DATA UNDER STUDY:
□ □ □ □ □

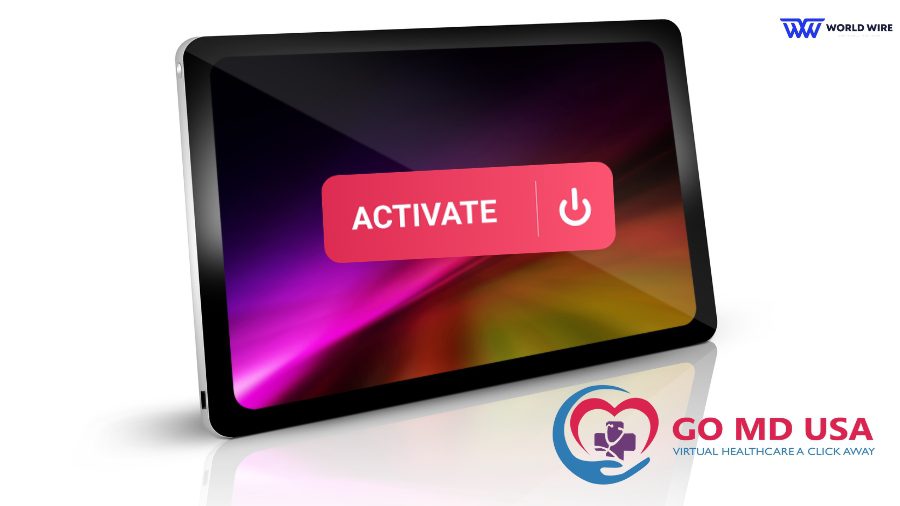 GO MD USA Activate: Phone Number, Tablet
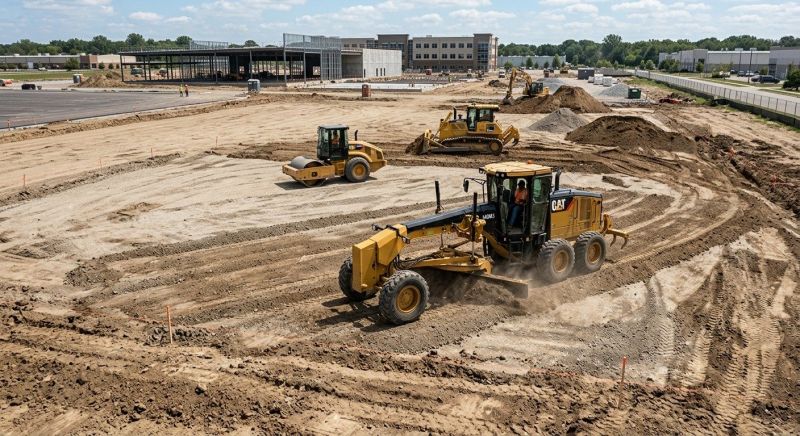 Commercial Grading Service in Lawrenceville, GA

□ □ □ □ □

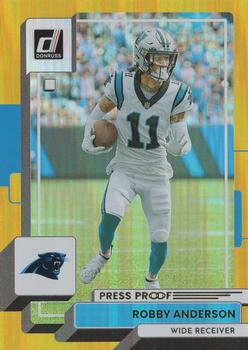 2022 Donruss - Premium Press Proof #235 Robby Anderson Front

□ □ □ □ □

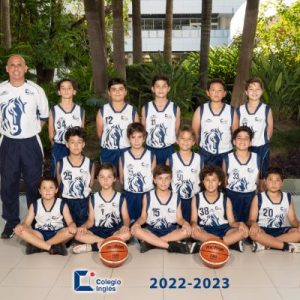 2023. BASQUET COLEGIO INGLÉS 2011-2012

□ □ □ □ □

EXERCISE DIRECTIONS: When you reach the line containing "GO MD USA Activate: Phone Number, Tablet" in the entries above, begin restating word for word, and stop once the line containing "Commercial Grading Service" has been given. Omit the pictures.

SOLUTION BELOW:
 GO MD USA Activate: Phone Number, Tablet
 Commercial Grading Service in Lawrenceville, GA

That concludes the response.